This Year's Resolutions
1. I resolve to keep doing my best to be happy, no matter what new tricks the City may play.
2. I resolve to find more ways to spend money helping people, since I'm sure there are plenty of better uses for it than just sitting around with me.
3. I resolve to puzzle out how in the world that one bakery manages to get little pies inside their cakes, and make them myself when I do.
4. I resolve to throw a party that Mother would be proud of. Even if it's not quite as elaborate as one of Mr. Stark's.
5. I resolve to give my blood to the hospital again, to help someone who needs it.
6. I resolve to visit Ellington at least once a week so he doesn't get lonely.
7. I resolve to stop threatening to feed certain people to Ellington when those certain people are behaving particularly insufferably, because if I keep doing it he might take me seriously again, and that would be a terrible mess. Er, again.
8. I resolve to listen to more of Sam's music. Even the ones that don't sound like music.
9. I resolve to learn a new skill, whatever it may be.
10. I resolve to stop wondering when it'll at last be my turn to go home, and simply make the best of things here for as long as it lasts.

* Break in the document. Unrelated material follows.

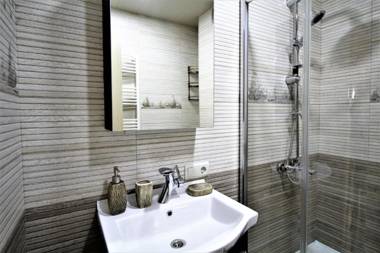 Heart of Tbilisi - modern 3 bedroom apartment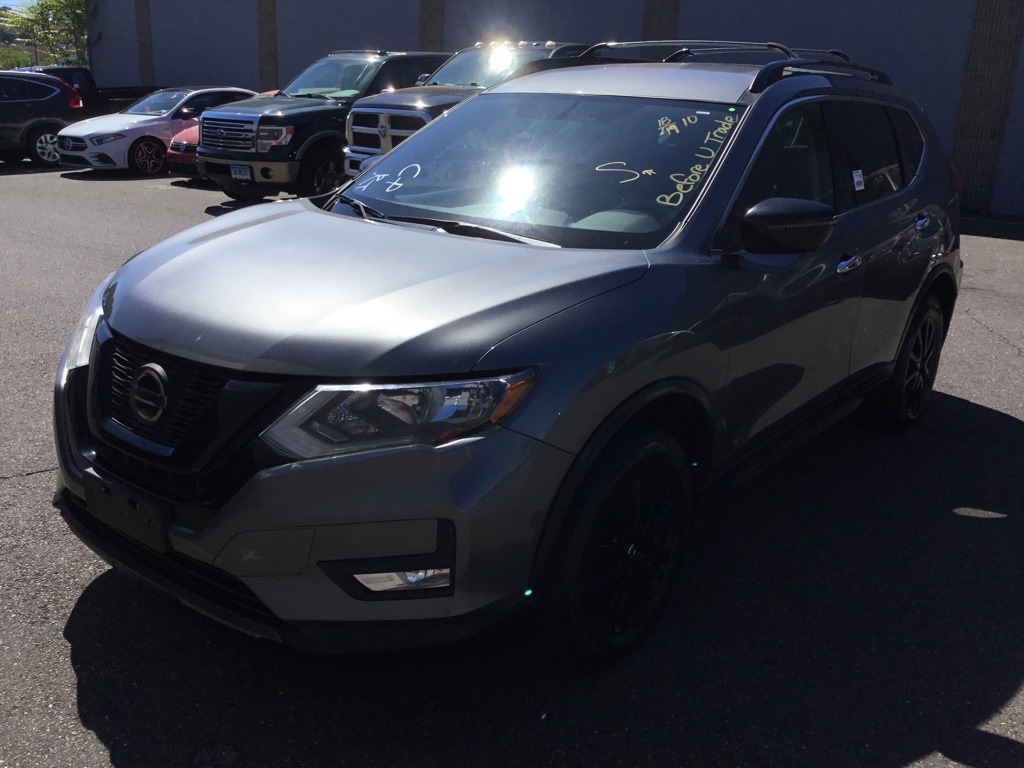 2018 Nissan Rogue SV photo 2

There, that's a fine list, isn't it? Quite a few people were making them the other day, I know, so I suppose I'm a bit behind in that respect, but I did still get them all set out before the start of the New Year, which is really the most important part of it all, I think.

And to think, another year gone already! My goodness, it seems like only yesterday that we were starting this year fresh and new, and here it is coming to an end before our eyes. A dear friend of mine once told me that it's the first year here that seems to take the longest, and then all the other ones after that go faster and faster all the time. I think she must have been right, because it certainly feels as though this one went by fast. Even with all the things that happened in it.

It's strange, really. When I first started keeping this journal of mine, it was because I'd just embarked on this new adventure here in the City, and I thought I'd better write down an account of all the things I saw and did, so that when I went home again I could tell it all to our court chronicler and my family. That's what's meant to be done after adventures, in my family; we get back and we all hug each other and then we sit right down and tell the whole tale so everyone can hear it, and so Gerwain can put it in the chronicle for everyone else to read later, too. But my goodness, after almost three and a half years here, I'm certainly going to have quite a bit to retell, aren't I? And that's not even counting my adventure in Tamir, the one I had before this one that I never did get to sit down and tell everyone about. Goodness, to think that that was three and a half years ago, too, now...

Things just keep going on and on, don't they? And they always get better. I've lost count of how many times I've said that by now, after Sam first told it to me all those years ago. But I think he was right, and it's a good thing to remember at the beginning of a new year, too.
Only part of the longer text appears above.